Pardon the delay! It turns out that rewriting the whole authentication, template, database, and a lot of other stuff became essentially a full application rewrite. Once everything is tested, I'll just merge it, even if it means the forums and wiki might go away for a while.

Site header universal search

Login is broken on dev

Can't log into the dev instance (whoops). Good time to just rewrite the crazy system to use a secure library with sensible paths.

Full API CRUD support

Currently, the API only supports GET requests. It should use controllers for all the major objects of the site with simple methods like create(), read(), update(), and delete().

Full stack upload form rewrite

Make sure the essential staff tools work

The format and archive autofill is still broken on the upload form

Scheduled bonus point purchases

Encourage spending by letting people set and forget some bonus points purchases.

Update collections and requests to use the new Manticore search backend

The data are already indexed every minute. These two areas would let me finally remove the Sphinx dependency and the old query language classes.

Resetting the advanced search parameters doesn't work. Also, searching for a specific leech status finds the results but doesn't display them

Add top10 tags data to the torrent stats page

Fix better.php

Implement database replication in the Gazelle codebase

The new database class should transparently pull data from a replica if the methods single, row, column, or multi are called, and write data to the source if do is called. Both scenarios should support an array of database instances, but realistically, there's only one of each and that's way overkill.
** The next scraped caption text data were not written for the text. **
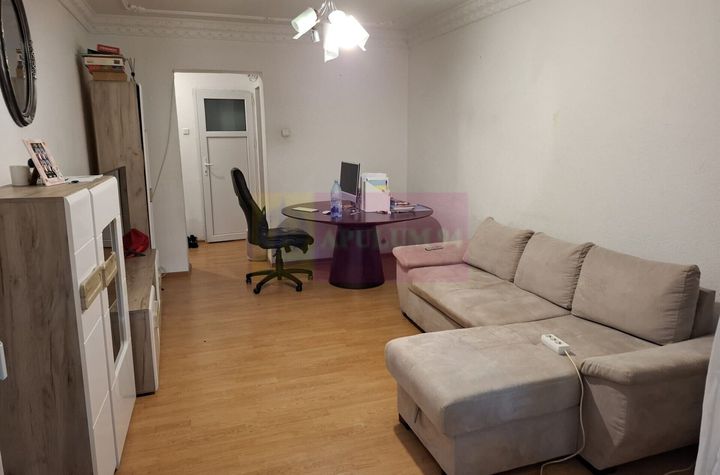 Vanzare apartament de 3 camere in zona Titan, Parcul IOR anunturi imobiliare Bucuresti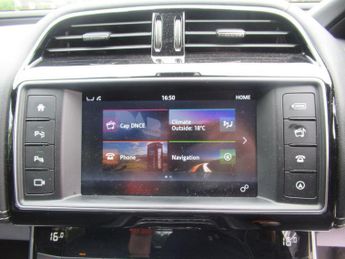 JAGUAR XE 2.0d R-Sport Saloon 4dr Diesel Auto AWD Euro 6 (s/s) (240 ps)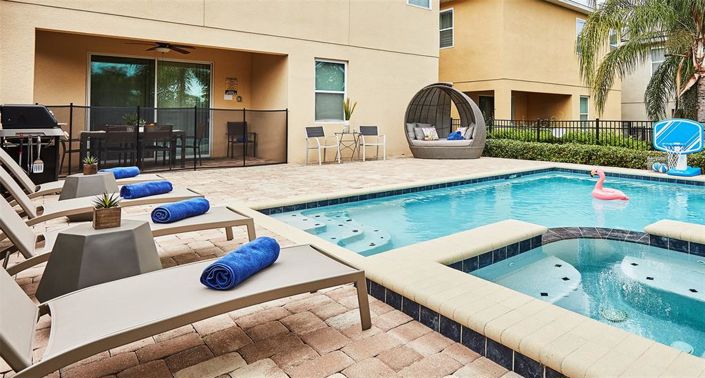 Image No.5-8 Bed Property for sale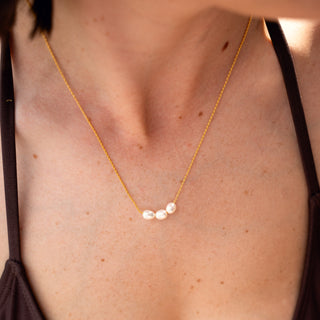 THREE PEARL NECKLACE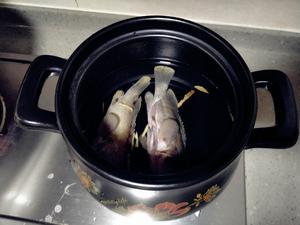 野生小石斑文蛤枸杞汤的做法 步骤3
Use a PhpRedis cache backend

Simple PhpRedis class that's not so crazy.

https://github.com/biotorrents/gazelle/blob/development/app/CacheRedis.php

Get rid of PHP 8 warnings, e.g., function calls on array key null

The dev site has been on PHP 8 with all reporting enabled. There are warnings everywhere. This mostly involves adding a lot of null coalescing to make sure that obscure type errors won't occur in later PHP versions.
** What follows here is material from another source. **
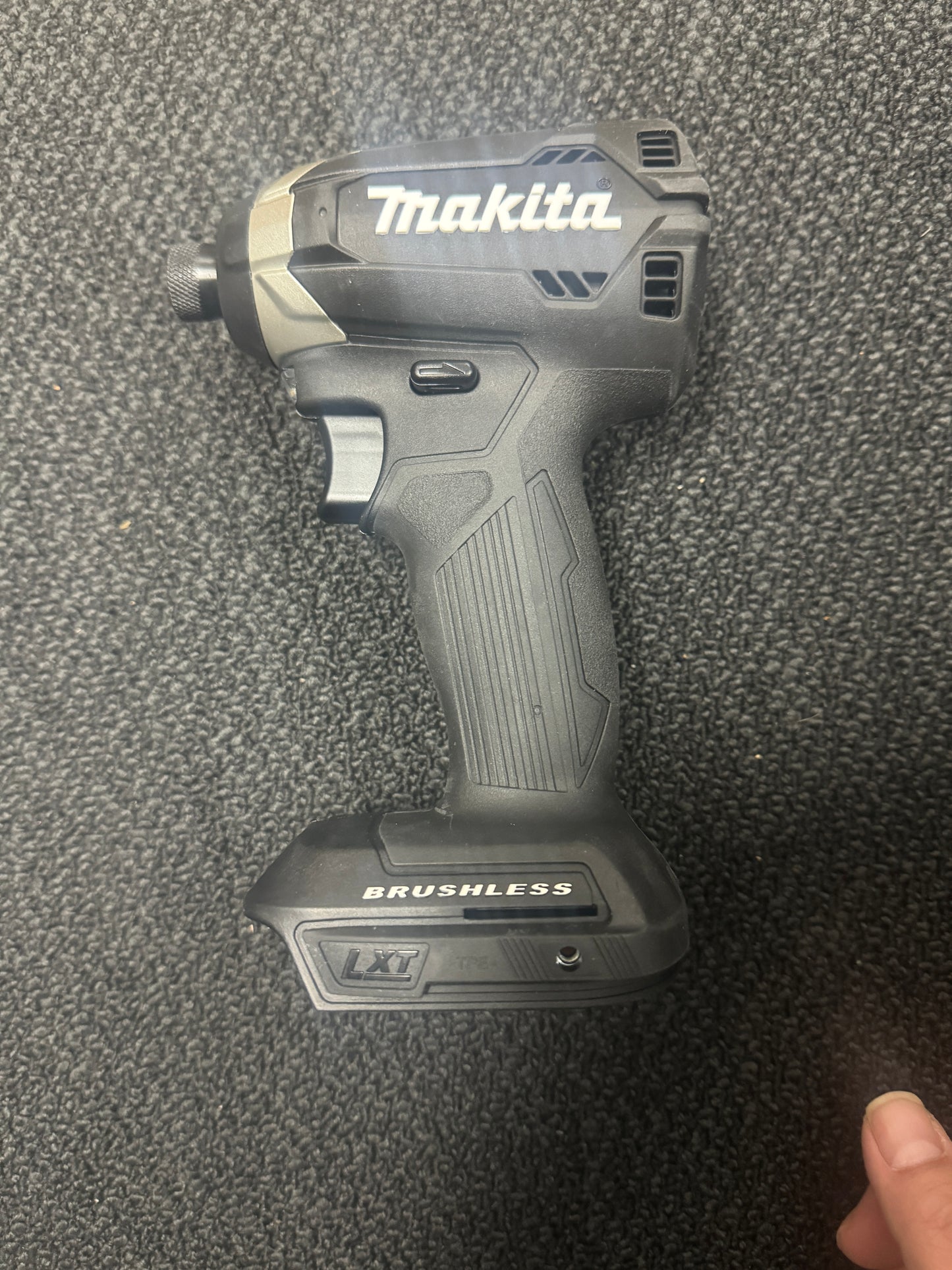 Makita DTD153 18V Brushless 1/4 " IMPACT DRIVER 170Nm Skin only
Grouped freeleech search breaks

Example:
https://biotorrents.de/torrents.php?freetorrent=1&order_by=time&order_way=desc&group_results=1&action=advanced&searchsubmit=1

Thanks eva!

Twitter announce bot

https://twitter.com/bio_ebooks
https://developer.twitter.com/en/docs/twitter-api/tools-and-libraries/v2#php
https://github.com/biotorrents/gazelle/blob/development/app/Announce.php

This has been planned since before Elon Musk bought Twitter. Should be pretty simple with some kind of library. All it needs to do is post a tweet on upload/request creation with the title, maybe 3 tags, and a link to the content.
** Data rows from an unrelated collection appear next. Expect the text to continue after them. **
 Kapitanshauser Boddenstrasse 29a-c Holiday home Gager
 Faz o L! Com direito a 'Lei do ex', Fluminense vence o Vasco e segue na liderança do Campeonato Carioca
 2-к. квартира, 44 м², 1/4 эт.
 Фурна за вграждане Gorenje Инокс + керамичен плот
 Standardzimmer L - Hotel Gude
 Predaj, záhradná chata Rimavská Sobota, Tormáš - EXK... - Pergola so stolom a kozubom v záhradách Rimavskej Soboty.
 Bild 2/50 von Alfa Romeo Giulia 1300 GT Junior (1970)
Rewrite the torrent search backend

The frontend is mostly done, screenshot attached. The backend has always been a mess. I don't like messy logic in the core of the app (the whole point is to efficiently index and serve data), so I'm gonna rewrite the Sphinx backend with something a bit more simple and clean. I've had a look at the library source code, it seems to be okay. With time, we can probably index collections, requests, and maybe even Top 10 history.

Namespace the damn app already

First class collision occurred with OpenAI. Will start with purely static classes (most of them) and work my way toward the other classes. PSR-4 support has been a thing in composer.json for a while, probably deleted because JSON doesn't support comments. No use statements because I like to know what's going on.

Use a cached PDO database wrapper

Simple cached class with universal prepared statements.

https://github.com/biotorrents/gazelle/blob/development/app/Database.php

Use models for at least some core objects

A set of basic models that extend a subset of Laravel Eloquent's features, e.g., find(), save(), delete() (soft), etc., would go a huge way toward cleaning up the code. Each major artifact such as a torrent, group, collection, request, etc., should be its own "thing" that can be loaded, displayed, and manipulated. Also has implications for API CRUD support: load the model, change some stuff, and save it.